TASK OBJECTIVE - Starting with the line below that holds "Photo of the" and stopping after the line that holds "1 Bahtoo Parade, Taree NSW 2430", transcribe the lines exactly, leaving out all pictures.

RECORDS FOR THIS TASK -
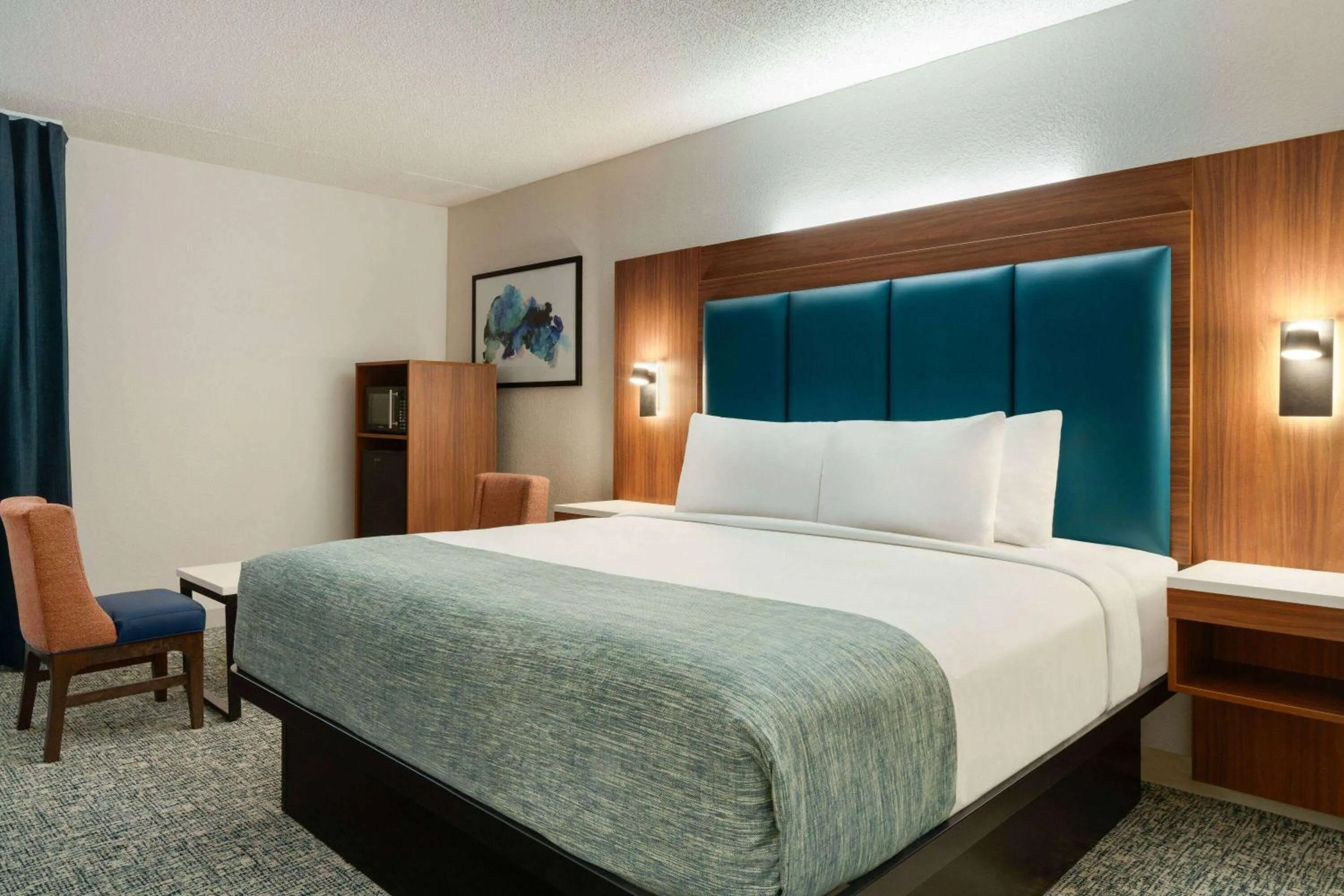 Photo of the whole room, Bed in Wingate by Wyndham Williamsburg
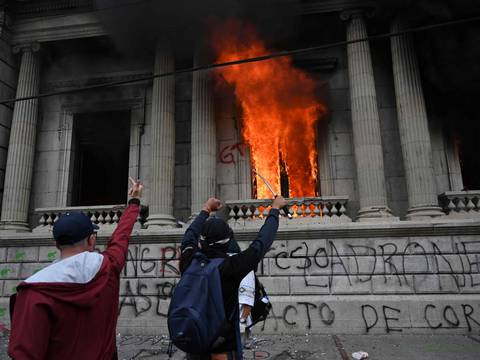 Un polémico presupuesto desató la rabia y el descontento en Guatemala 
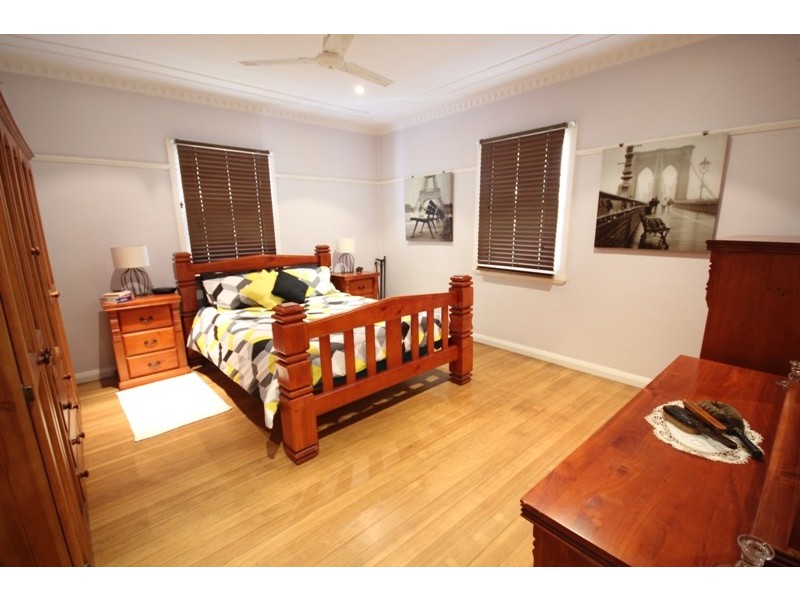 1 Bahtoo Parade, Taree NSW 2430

* * *

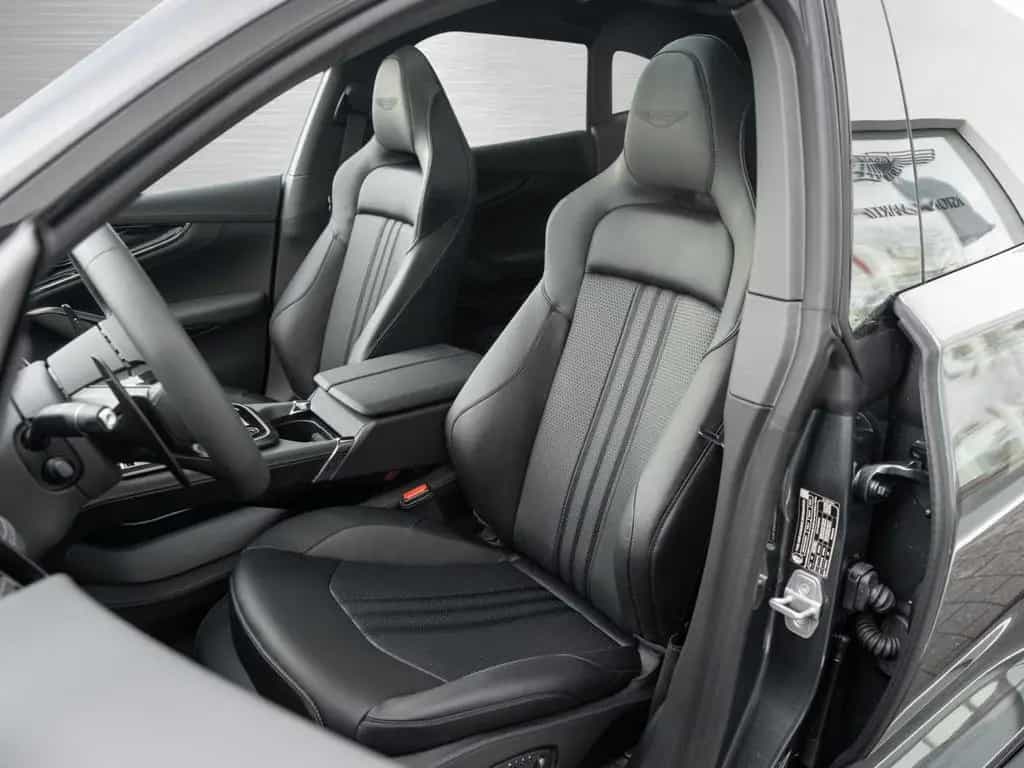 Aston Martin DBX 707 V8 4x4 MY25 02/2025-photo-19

EXERCISE RESULT -
 Photo of the whole room, Bed in Wingate by Wyndham Williamsburg
 Un polémico presupuesto desató la rabia y el descontento en Guatemala 
 1 Bahtoo Parade, Taree NSW 2430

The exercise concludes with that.